You know how some girls (and guys) are like “I have to get laid...NOW!”? Well, as an uptight, prude I am not like that. However, I have been dating Reindeer for MONTHS and it’s like we’re living in No Action City, population Reindeer and Desi Girl.
So I have concocted a SURE-FIRE plan to resolve this most pressing matter. I invited Reindeer to my apartment for dinner and a movie. The UNIVERSAL sign for, “let’s hit it.” Or with us, I am praying for, “let’s smooch.”
Reindeer arrives and we sit down to another almost gourmet Indian meal, meatballs, raita (yogurt with spices and finely cut onions, cucumbers and tomatoes) and rice. “This is amazing,” Reindeer says. He is here under the pretense to taste test "my new meatball recipe." But I lied. I am too much of a control freak to chance a dinner date. I make this dinner for myself all the time, I know it's yumms.

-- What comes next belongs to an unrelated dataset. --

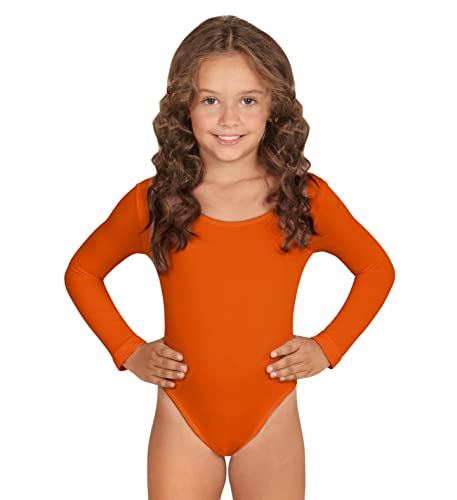 Body pour enfants Widmann Milano pour la danse et le carnaval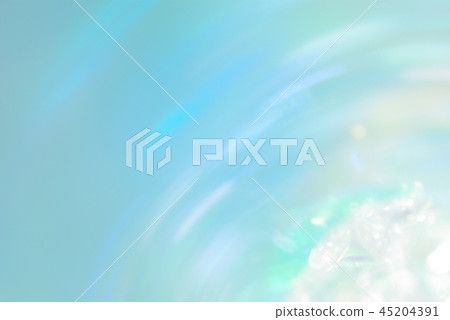 Background material abstract background gradation glitter 45204391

“Sooooo,” I say to Reindeer, a little flirty lilt in my voice. “What would you say if someone else asked me out on a date?” He finishes chewing, looks me square in the eye and says, “No, f*cking way.” WOW! His reaction surprises and pleases me. I smirk, shift my shoulders and say, “Just checking.”
Now I know, believe I know. Men do not want to feel trapped into getting married. And I am not the entrapment type. But we’re Indians, who met on a desi matrimonial site with the intent to find spouses. So I am kinda thinking that he has some interest in marrying someone, some day. Which then has me wondering how long we plan on dating like we’re in a Jane Austen novel. And since I am warring with my cousin over him, I HOPE this works out with Reindeer. Otherwise I am going to have a broken heart and one less relative.
I clear the plates and pop the movie into the DVD player. “What are we watching?” Reindeer asks and makes himself comfortable on the couch. “Star Wars!” I reply with a HUGE grin. “I have never seen that,” Reindeer says. This is why I chose it. “Haven’t you seen this several times? You aren’t going to talk along with the movie are you?” Reindeer asks. “Of course not,” I reply, switch off the lights and cozy up next to him. I am hoping no one is talking or watching.
Well, for two hours we ACTUALLY WATCH the movie. What is more unbelievable than that, is, at the end of the night he kisses my fingertip...FINGERTIP! And then, he leaves.
WTF. Do I have body odor? Dandruff? Boogers? What is going on here?